Transcrição do Episódio

E aí, galerinha do Axé! Como é que vocês estão? Está todo mundo bem? Vamos começar mais um episódio do Alma de Poeta? Eu não sei quanto a vocês, mas eu estava com uma saudade de gravar as poesias do Pai Antônio! Vocês não tem ideia de como eu me sinto nas nuvens quando eu recebo as poesias do lado de lá. E hoje eu me programei para compartilhar mais duas poesias com vocês. Bom, tem gente que chama de poesias, tem gente que chama de mensagens, às vezes eu considero verdadeiras preces. Seja qual for o nome que vocês queiram dar a elas, o fato é que esses versos vem sempre recheados de muita sabedoria, muitos ensinamentos. Meu nome é Evandro Tanaka, eu sou médium umbandista e nesse podcast a gente fala sobre Umbanda, Espiritualidade, Mediunidade e também sobre as poesias de um preto-velho.

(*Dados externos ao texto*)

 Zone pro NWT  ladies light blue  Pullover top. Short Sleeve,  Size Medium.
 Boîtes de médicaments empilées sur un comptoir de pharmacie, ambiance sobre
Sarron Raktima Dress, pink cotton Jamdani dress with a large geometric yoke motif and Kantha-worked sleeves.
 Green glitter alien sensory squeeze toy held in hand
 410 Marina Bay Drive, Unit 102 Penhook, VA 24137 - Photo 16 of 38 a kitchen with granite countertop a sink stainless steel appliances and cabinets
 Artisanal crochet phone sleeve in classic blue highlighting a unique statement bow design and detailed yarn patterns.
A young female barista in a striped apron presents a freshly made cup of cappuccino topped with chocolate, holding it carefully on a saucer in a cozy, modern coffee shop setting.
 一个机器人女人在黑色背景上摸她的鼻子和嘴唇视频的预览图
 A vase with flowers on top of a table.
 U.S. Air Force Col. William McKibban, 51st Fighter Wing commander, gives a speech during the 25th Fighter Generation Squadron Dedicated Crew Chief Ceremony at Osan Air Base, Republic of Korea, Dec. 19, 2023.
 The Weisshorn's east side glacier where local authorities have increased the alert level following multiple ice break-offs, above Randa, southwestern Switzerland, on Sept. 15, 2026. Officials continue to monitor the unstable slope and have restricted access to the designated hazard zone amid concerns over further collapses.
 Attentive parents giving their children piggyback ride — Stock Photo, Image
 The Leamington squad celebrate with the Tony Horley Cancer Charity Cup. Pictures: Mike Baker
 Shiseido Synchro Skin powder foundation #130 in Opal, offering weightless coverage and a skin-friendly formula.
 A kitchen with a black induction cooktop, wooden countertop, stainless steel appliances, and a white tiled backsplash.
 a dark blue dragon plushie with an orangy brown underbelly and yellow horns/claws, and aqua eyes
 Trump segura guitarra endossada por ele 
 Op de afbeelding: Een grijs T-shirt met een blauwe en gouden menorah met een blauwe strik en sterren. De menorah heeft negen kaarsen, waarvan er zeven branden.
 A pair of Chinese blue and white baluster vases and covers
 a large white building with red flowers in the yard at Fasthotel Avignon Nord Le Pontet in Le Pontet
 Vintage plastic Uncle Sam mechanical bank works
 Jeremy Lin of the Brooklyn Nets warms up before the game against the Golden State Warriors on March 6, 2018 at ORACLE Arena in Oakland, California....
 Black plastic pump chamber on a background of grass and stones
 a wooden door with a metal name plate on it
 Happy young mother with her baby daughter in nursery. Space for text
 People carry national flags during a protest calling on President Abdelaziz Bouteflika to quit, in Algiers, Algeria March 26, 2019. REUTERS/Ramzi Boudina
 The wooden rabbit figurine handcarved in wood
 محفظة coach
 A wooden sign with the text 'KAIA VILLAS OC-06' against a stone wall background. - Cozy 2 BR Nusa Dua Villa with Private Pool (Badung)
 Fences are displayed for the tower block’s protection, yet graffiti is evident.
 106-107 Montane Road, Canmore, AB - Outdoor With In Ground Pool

Bom gente, a primeira poesia que eu vou passar para vocês, é uma das poucas poesias que quase não teve a participação do Pai Antônio. Ou se teve a participação dele, foi uma presença muito sutil. Eu não me lembro de ter sentido a presença dele quando eu recebi essa peosia. Porque essa mensagem foi passada por um marinheiro. O nome desse marinheiro é João.

Um dia, eu perguntei para o Marinheiro assim: O seu nome é João, né? João de quê? E ele me respondeu: Eu sou só João. O João do Mar, o João remador. Aquele que, quando em vida, passou a maior parte do tempo no colo da mamãe Iemanjá. Daí ele continuou falando: Eu tive esse privilégio, de me banhar todos os dias, nas águas sagradas, nas águas salgadas, para me fortalecer como espírito e lutar pelo meu sustento.

Daí eu perguntei para ele assim: Então você foi um pescador? E o João respondeu: Não, eu era um péssimo pescador, mas eu fui um bom soldado e um bom marinheiro. Eu sei acatar ordens como ninguém. Da mesma maneira que eu obedecia cegamente as ordens dos meus superiores hierárquicos na marinha, hoje eu obedeço as ordens dos espíritos de luz, porque nós prestamos contas ao nosso almirante maior. Aquele que desceu na Terra para ensinar as pessoas a velejar.

O engraçado, ente, é que quando o João do Mar conversa, toda fala dele faz alguma menção às coisas do mar. Todo ensinamento que ele transmite, tem alguma analogia com a vida de marinheiro. E através dessas comparações simples que ele faz, ele vai passando a sua sabedoria, a sua filosofia, os seus ensinamentos.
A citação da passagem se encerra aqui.